Sünnet, Hz. Peygamber’in ortaya koyduğu hayat modeli, İslâm'ın pratik örneği iken, onu mü'minler için örnek olmaktan çıkarmaya, din için delil olmaktan uzak tutmaya çalışan düşünce ve beyanlar, Peygamber’e rağmen veya Peygambersiz bir Müslümanlık hayalinin ürünleridir. Hâlbuki Muhammedsiz bir İslâm düşünmek hiç bir akl-ı selîmin kârı değildir.
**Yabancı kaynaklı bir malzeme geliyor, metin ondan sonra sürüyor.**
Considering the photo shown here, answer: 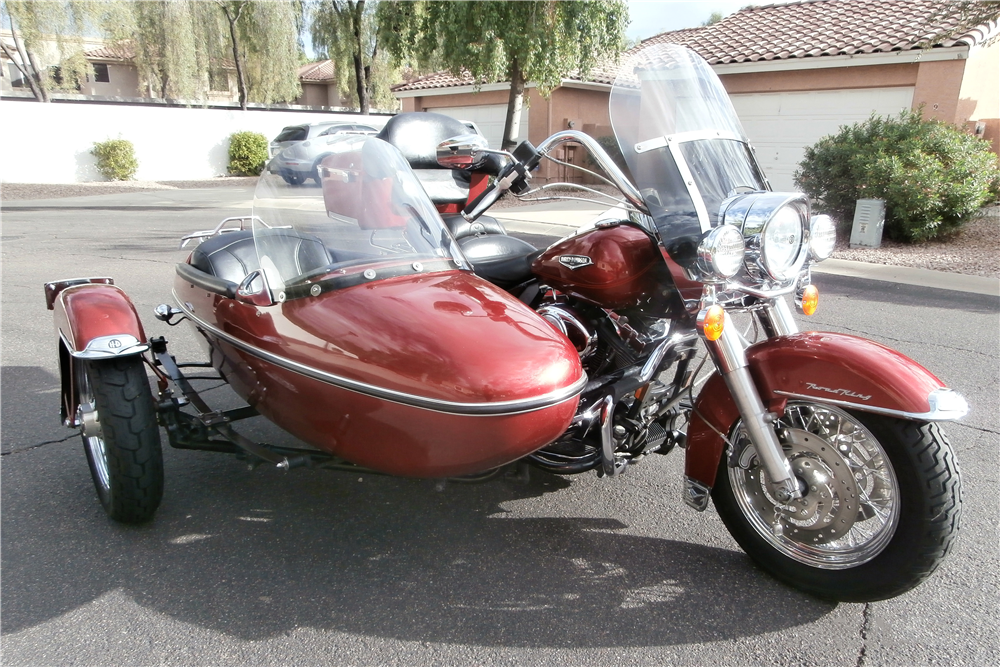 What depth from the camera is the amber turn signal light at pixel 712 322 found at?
2111mm

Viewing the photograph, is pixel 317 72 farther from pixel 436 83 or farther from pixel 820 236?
pixel 820 236

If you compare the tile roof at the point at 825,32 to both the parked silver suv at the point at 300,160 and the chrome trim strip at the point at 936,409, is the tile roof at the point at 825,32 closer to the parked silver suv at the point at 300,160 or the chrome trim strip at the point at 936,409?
the chrome trim strip at the point at 936,409

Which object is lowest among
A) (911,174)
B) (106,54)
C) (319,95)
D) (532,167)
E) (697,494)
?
(697,494)

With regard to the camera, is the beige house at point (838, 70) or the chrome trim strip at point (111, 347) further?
the beige house at point (838, 70)

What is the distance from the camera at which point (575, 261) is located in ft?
8.56

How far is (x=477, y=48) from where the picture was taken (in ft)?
44.1

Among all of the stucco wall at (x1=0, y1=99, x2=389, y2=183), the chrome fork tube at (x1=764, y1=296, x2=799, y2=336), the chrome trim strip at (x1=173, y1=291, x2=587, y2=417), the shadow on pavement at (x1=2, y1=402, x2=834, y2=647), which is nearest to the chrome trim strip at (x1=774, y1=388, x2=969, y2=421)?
the chrome fork tube at (x1=764, y1=296, x2=799, y2=336)

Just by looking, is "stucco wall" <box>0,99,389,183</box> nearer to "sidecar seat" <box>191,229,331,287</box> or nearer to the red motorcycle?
"sidecar seat" <box>191,229,331,287</box>

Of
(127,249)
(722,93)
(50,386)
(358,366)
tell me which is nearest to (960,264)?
(722,93)

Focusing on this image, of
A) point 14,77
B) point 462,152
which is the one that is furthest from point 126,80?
point 462,152

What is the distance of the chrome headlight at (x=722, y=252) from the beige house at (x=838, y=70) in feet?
34.1

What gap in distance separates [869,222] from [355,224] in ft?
30.9

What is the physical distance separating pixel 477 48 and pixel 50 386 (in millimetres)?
11121

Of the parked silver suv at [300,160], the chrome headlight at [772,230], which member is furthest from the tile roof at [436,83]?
the chrome headlight at [772,230] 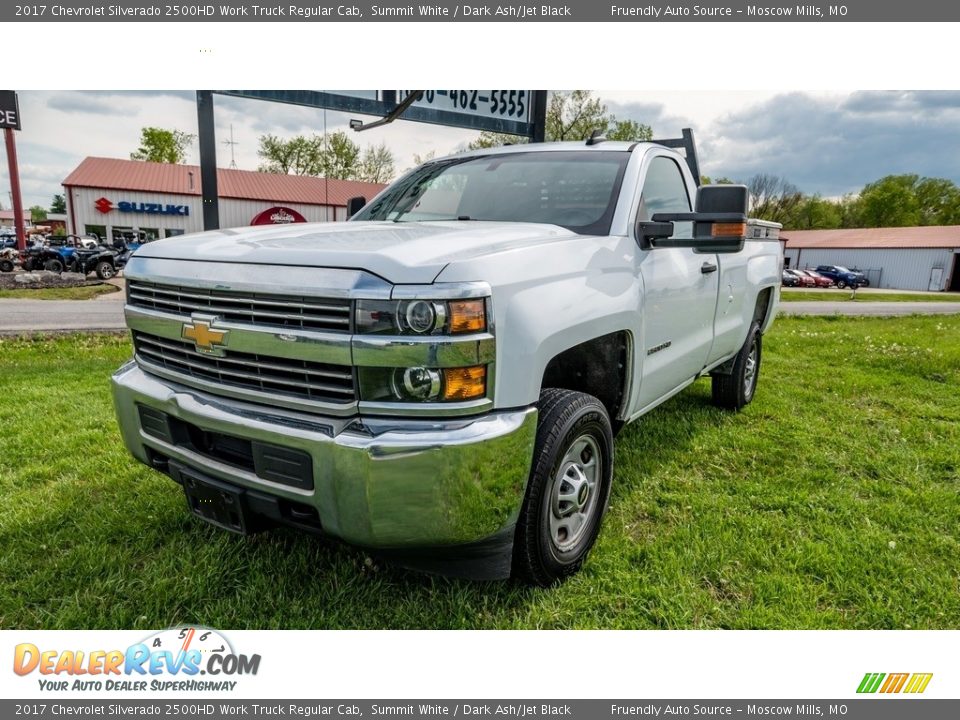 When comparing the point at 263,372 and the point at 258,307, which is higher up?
the point at 258,307

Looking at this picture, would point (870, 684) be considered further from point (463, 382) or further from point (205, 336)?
point (205, 336)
Şevketini, izzetini, manasını, dünyasını, ukbâsını Hz. Muhammed'in nurlu yolu sünnette bulan, İslâm'ı sünnetteki yorumuyla kavrayan ve elinden geldiğince de onu bu çerçevede yaşamaya çalışan Müslümanlar kendilerini, gerçekten Sünnet’e ne ölçüde bağlı kalabildikleri noktasından değerlendirmelidirler. Hz. Peygamber’i yegâne önder olarak gündeme hâkim kılmak, ancak böylece gerçekleşebilecektir.
Hükümler
Netice olarak hadisimizde, bir yandan Rasûlullah'a uymak, sünnetini yaşamak teşvik edilirken diğer taraftan dini anlamakta ve yaşamakta kendilerine göre yollar tutmaya kalkanlara dini maksatlarla kızılabileceğine, şahısların olmasa bile, yanlışların kamuoyunda teşhir edilmek suretiyle düzeltilmesi gereğine işaret olunmakta, böyle bir uygulamanın bizatihi “sünnet” olduğu belirlenmektedir. Bilhassa cemaat önderlerine, ulemaya bu konuda çok ciddi görev ve sorumluluklar düştüğü hatırlatılmaktadır. Ayrıca Allah'a yakın olmanın, O'nu iyi bilmeye ve O'ndan çokça korkmaya sebep olduğu da vurgulanmaktadır. Zira Peygamber Efendimiz, Allah'ı herkesten daha iyi bildiğini ve O'ndan, herkesten çok daha fazla korktuğunu beyan etmişlerdir.